L'opposizione russa ha battuto il temuto 'generale inverno' ed e' riuscita a portare in piazza a Mosca almeno 120.000 persone (secondo stime di media e organizzatori, 40.000 secondo la polizia) nella quarta grande manifestazione che ha chiesto a gran voce una "Russia senza Putin". Mentre il variegato movimento che si riunisce sotto lo slogan "per elezioni oneste' sfilava coi suoi palloncini bianchi, da piazza Kaluzhkaja a piazza Balotnaja - di fronte al Cremlino - in zona Poklonnaja si e' svolta la contro-manifestazione filo-governativa. Organizzata dai Patrioti di Russia, ufficialmente l'evento e' stato indetto contro il pericolo di una 'rivoluzione arancione' sul modello di quella ucraina filo-occidentale del 2004.

A farla da padrone, i tricolori nazionali bianco-rossi-blu e slogan come "Chi se non Putin?", a ribadire la tesi con dello stesso premier e potenziale nuovo presidente, per cui un futuro senza di lui rischia di riportare la Russia al caos degli anni '90. La battaglia dei numeri sulle due piazze della protesta e' gia' iniziata con la polizia che parla di 138.000 manifestanti filo-governativi (20.000 per fonti indipendenti) e non oltre 40.000 per i sostenitori della cosiddetta 'rivoluzione della neve', la quale per la prima volta in 12 anni sta mettendo a dura prova l'autorita' di Putin, candidato favorito alle presidenziali del prossimo 4 marzo. Al di la' dei numeri, si e' trattato di un successo per il neonato movimento anti-Putin, formatosi sulla scia dell'indignazione popolare per le numerose denunce di brogli alle legislative del 4 dicembre a favore del partito di governo Russia Unita.

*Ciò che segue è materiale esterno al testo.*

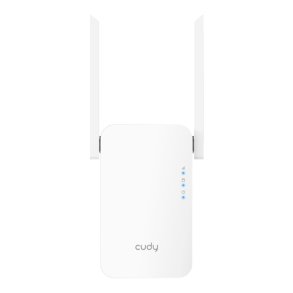 Wi-Fi forst�rker Cudy AX1800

L'appuntamento di oggi era visto dagli analisti come un test per provare la forza di questa nuova opposizione, dopo le tre grandi proteste di dicembre, che avevano raccolto in tutto circa 100.000 persone nelle piu' vaste contestazioni degli ultimi 15 anni. Studenti, famiglie, intellettuali, blogger, attivisti per i diritti umani, politici liberali, nazionalisti e comunisti si sono di nuovo riuniti per "in difesa del futuro della Russia", ha spiegato dal palco Victor Yavlinski, leader del partito Yabloko e grande escluso dalle presidenziali del mese prossimo. In mezzo al corteo, che si e' svolto pacifico e senza l'intervento della polizia, il bersaglio principale e' stato di nuovo Putin, la cui vittoria al primo turno il mese prossimo appare sempre meno scontata: molte le caricature ispirate al premier, cartelli come "Abbasso il freddo, abbasso Putin", inviti a una primavere araba in terra slava con "Mubarak, Gheddafi, Putin" e voci che urlavano "Putin dimettiti", "Putin vergogna". L'opposizione ha ribadito le sue richieste al Cremlino: la liberazione dei detenuti politici tra cui Mikhail Khodorkovsky; la cancellazione delle ultime elezioni legislative, macchiate da denunce di brogli; le dimissioni del capo della Commissione elettorale, Vladimir Churov; riforme del sistema politico entro la primavera e subito dopo, nuove elezioni parlamentari e presidenziali prima della scadenza del mandato.

Se le domande non verranno ascoltate, hanno annunciato dal palco dove si sono esibiti anche cantanti come il celebre Victor Shevchuk dei DDT, si tornera' in piazza il 26 febbraio. Un totale flop, invece, la manifestazione voluta dall'imprenditore Borovoi che in viale Sakharov voleva portare quella parte dell'opposizione non favorevole a sfilare con nazionalisti e comunisti: le cifre ufficiali parlano di meno di 300 persone. Cortei "Per elezioni oneste" si sono svolti anche a San Pietroburgo (30.000 persone) e in altre 90 sparse tra Russia e i quattro continenti. A Novosibirsk, alcuni manifestanti hanno costruito una lapide di neve con le foto di Putin, Medvedev e Churov, su cui i bambini depositano fiori. "Siamo arrivati a un punto di non ritorno - ha detto uno dei dimostranti - la gente ha smesso di aver paura e ha capito la sua forza". Negli sgoccioli della sua campagna elettorale, Putin - finora piuttosto indifferente alle contestazioni - non potra' non tenerne conto.